What is a Realm?
A realm is a small area of land, from a few square miles, to hundreds of square miles, with its own unique rules. The idea is not dissimilar to the concept of planes in vanilla D&D, but on a much smaller scale. The borders of realms are always different, but they are invariably there. No realms are infinite—some drop off into great abysses, others have walls of light, or mist, or stone. Some have endless oceans that seem spread out forever in every direction, but sailors quickly find themselves back at port. Realms are often classified by their size, the smallest being known as ‘fields.’ The largest are called ‘worlds.’ In between are ‘circles’ (not always circular), ‘cantons’, ‘domains’, ‘territories’, and ‘provinces.’
How do you travel between realms?
Most commonly, travel between realms takes place on a magical device known as a Grand Scale. The Grand Scale (or Scale) is a large device for weighing people and objects in two realms simultaneously. They are very large equivalents of scales that most merchants use to weigh their wares, and their appearance varies from realm to realm.
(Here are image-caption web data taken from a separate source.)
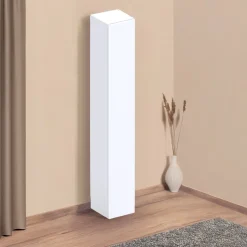 Colonna a terra 28x186h cm 1 anta reversibile multiuso bianco lucido Sunset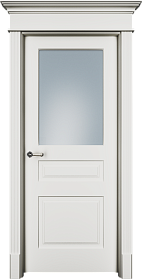 Недавно просмотренные - Дверь Нафта-3 эмаль RAL 9010, сатинат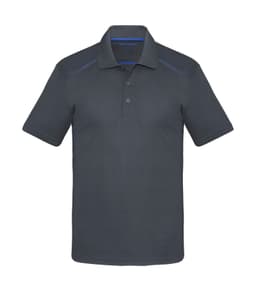 COAL HARBOUR® SNAG RESISTANT CONTRAST INSET POLO in Iron Grey/Royal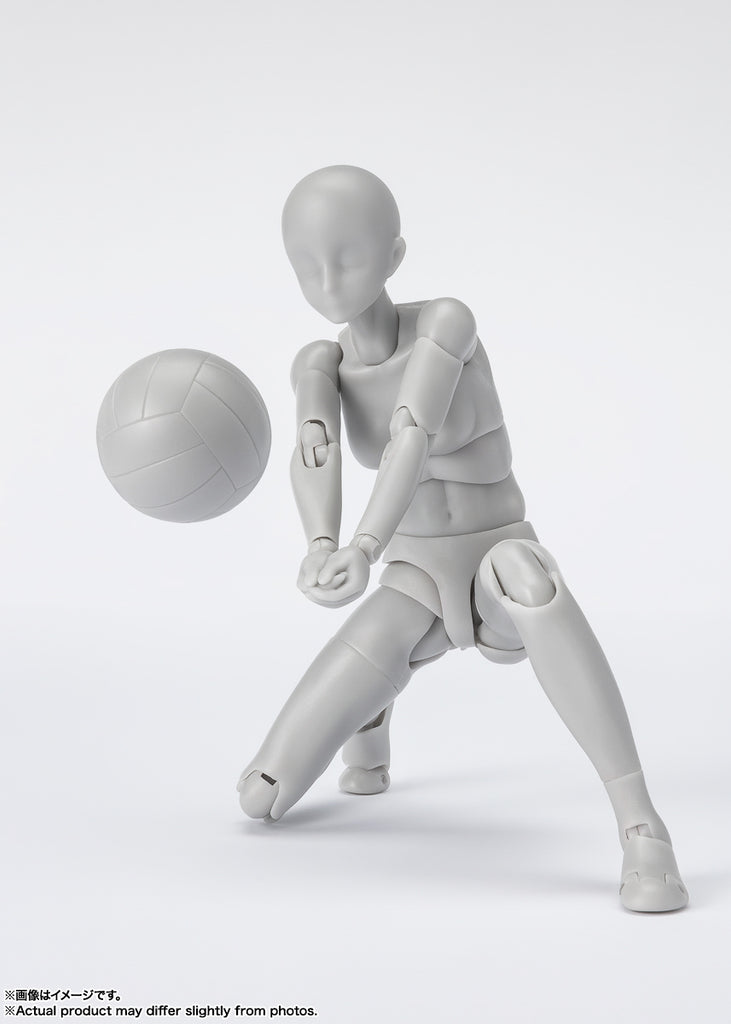 Figura Body Chan Sports Edition DX Set (Gray Color Ver) - S.H.Figuarts - Bandai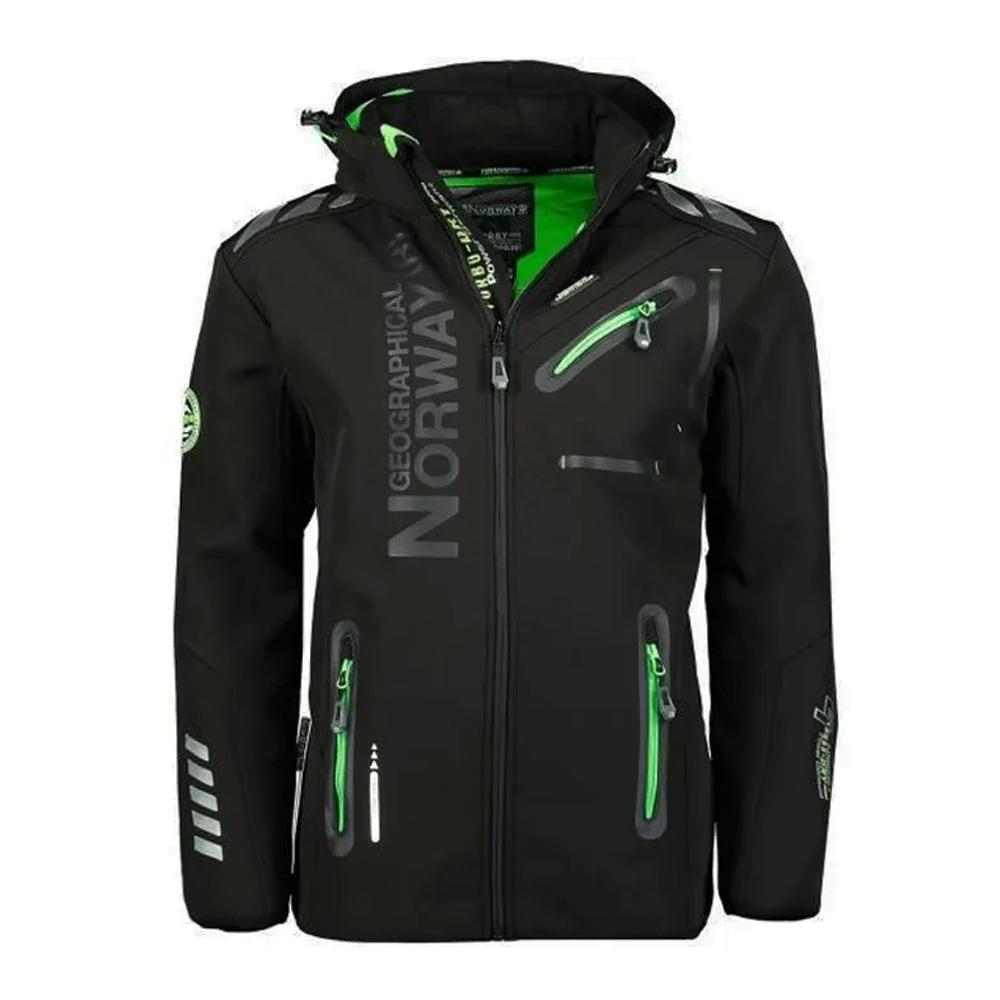 Geographical Norway Parka Softshell Noir Homme Geographical Norway Royaute WW1973H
They serve to ensure that the transfer of mass between realms is kept near constant. The Grand Scales are almost entirely under the control of The Adversary, who is credited with their invention.
Let’s say you were to travel between the Territory of Constance, and the Field of Muir. In both places there is a Scale that is tied to the other place. Put a weight on the Scale in Muir, and the Scale in Constance will shift appropriately. When the Scale is balanced, the operator of the Scale can swap the loads in both realms. You appear in Muir, and a weight equal to you appears in Constance. This is most often other travelers, but it could just as easily be ballast.
Minions of The Adversary have built a highway of sorts that travels between most of the central realms, and built out roads into the frontier realms. They carefully control trade and travel between the realms. If a realm fails to pay its taxes, the Scales in the realm are often disabled after a particularly nasty creature is sent through, leaving many trapped in a nightmare.
It is rumored that other methods of travel between realms is possible. Some creatures appear to have the ability to move between the realms on their own. Some say the Dwarves have dug tunnels and emerged in new realms. Seafarers tell tales of being devoured by a storm, only to wreck in a new realm. These rumors are as ubiquitous as they are varied – ask fifteen people about it, and you’ll get thirty different responses.